This chapter has introduced key fundamental concepts of computing and real-time computing, while framing the target system for the lab exercises as a feedback control system design problem. In addition, we have extended our understanding of the C programming language and the UI to be designed in chapters 1 to 3. The following points summarize the chapter:
Computer architectures are models of the structure of a computer system, ignoring details of the implementation. The most common computer architecture includes five components: a processor control unit, a processor datapath, memory, input, and output.
Computers are realized and packaged in many ways. The T1 target computer, the NI myRIO 1900, is a single-board computer with an ARM instruction set architecture.
An operating system manages resources for multiple running programs called processes, each of which contains one or more threads or tasks.
Positional numeral systems encode numbers in symbols called numerals, combined with their relative positions. The base of a system is its number of numerals. The most common numeral systems for computing are the base-10 Hindu-Arabic, the base-2 binary, and the base-16 hexadecimal.
For computational efficiency, a negative base-\(b\) number is usually encoded as a \(b\)'s complement of its absolute value.
Memory is not content-specific. Its contents are indexed by corresponding addresses. For a multibyte number, in the little-endian convention, the least-significant byte, which represents the lower powers of \(2\), is at a lower address than the most significant byte, which represents the higher powers of \(2\). The big-endian convention is just the opposite.
A noninteger decimal number is usually encoded in memory as a floating-point number, which represents it with a sign, significand, and exponent.
Characters and symbols are encoded in memory with character codes; the most common is ASCII.
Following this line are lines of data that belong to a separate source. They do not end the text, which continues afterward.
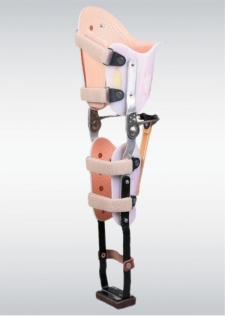 Orteza de sold genunchi glezna picior - de descarcare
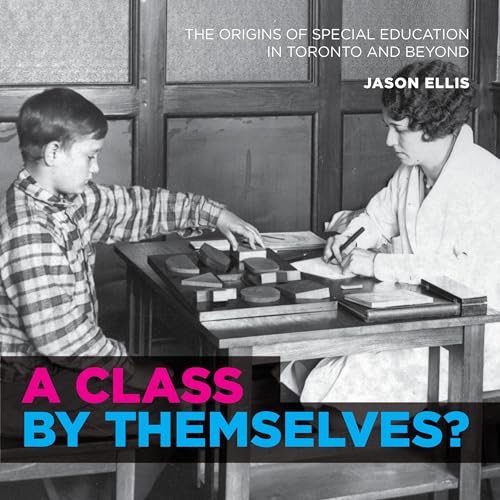 A Class by Themselves by Jason Ellis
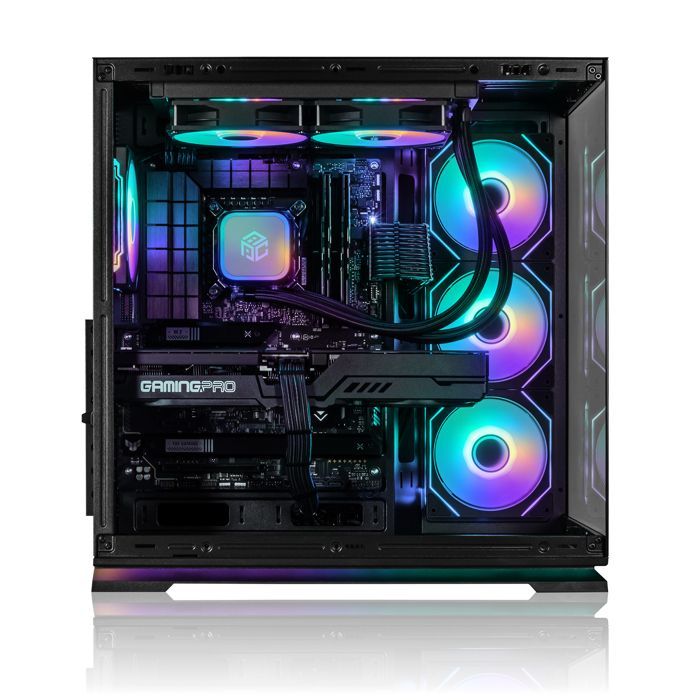 Aurum PC Gamer fisso Intel Core i9-12900KF - GeForce RTX 5070 12GB - 32GB DDR4 - SSD M.2 da 1000GB - Windows 11 - 702-FR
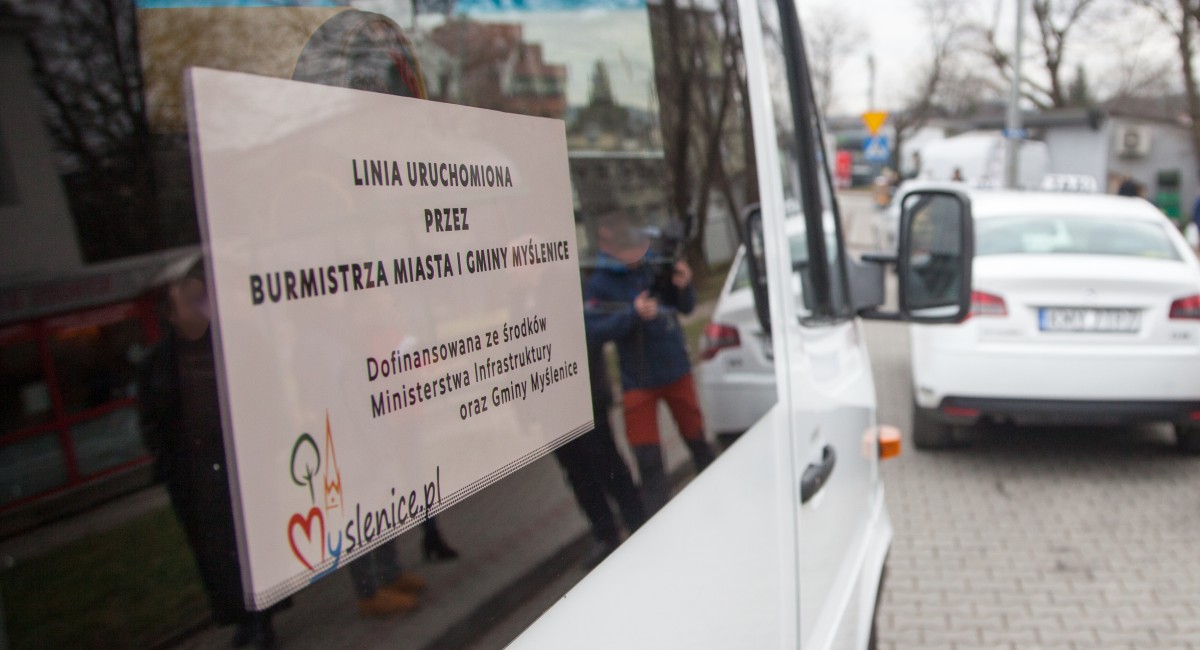 Gmina odpowiada w sprawie linii miejskiej. Rozkłady zawisną do końca lutego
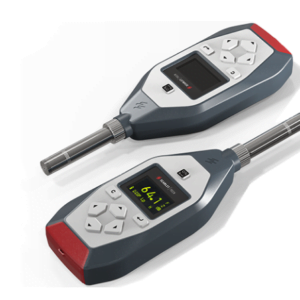SOUND LEVEL METER ST11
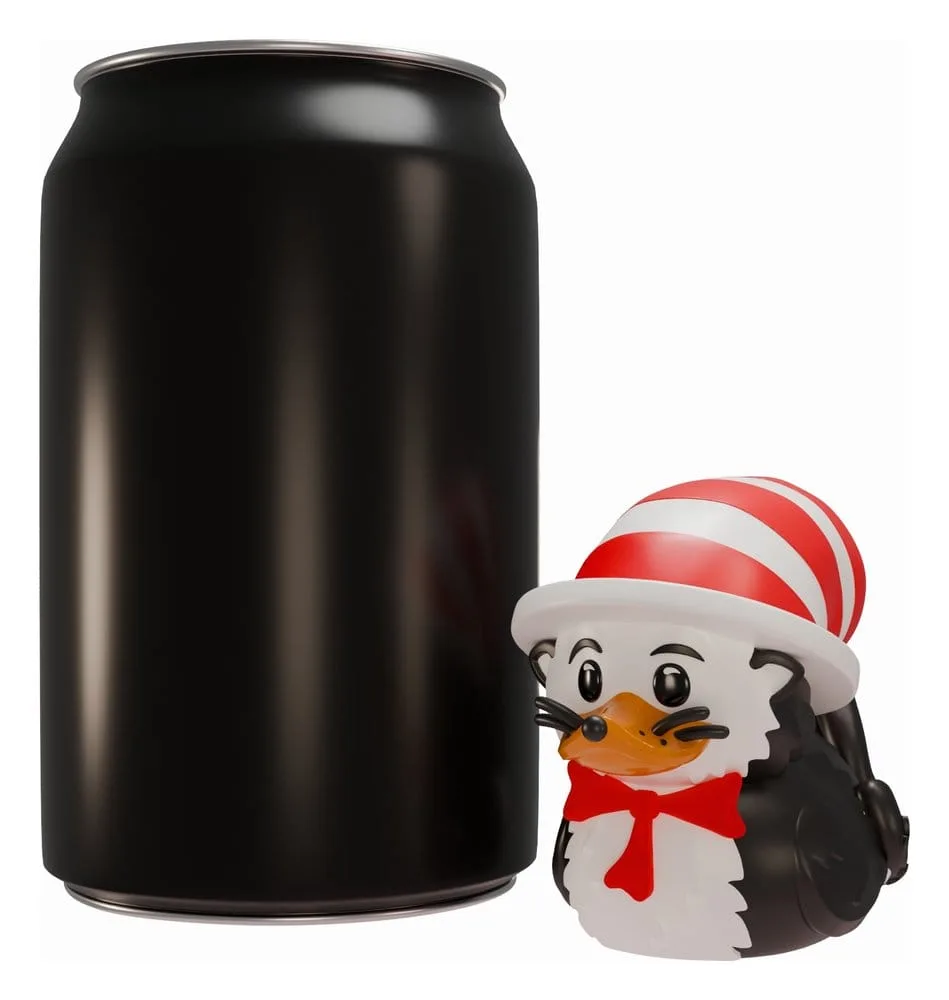 The Cat in the Hat PVC Figure – Tubbz Mini 6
A paper computer can be used to trace the execution of a program at the level of the processor and memory. Our ARM emulator is a virtual paper computer, available in the "Online Resources" section of this page: https://rtcbook.org/yp.
Real-time computing is computing that must interact with its environment—an environment with time-dependent dynamics.
Scheduling real-time tasks requires consideration of both precedences and deadlines. Deadlines can be hard, firm, or soft, depending on the consequences of failure to meet them.
Tasks that occur at regular intervals are periodic; other tasks are aperiodic.
For mechanical engineers, real-time computing is especially important for applications in feedback control and measurement.
We will design and implement a feedback control target system for the motion control of a mechanical load. We begin with the UI and will return to feedback control in later chapters.
The pointer is a key concept in the C programming language.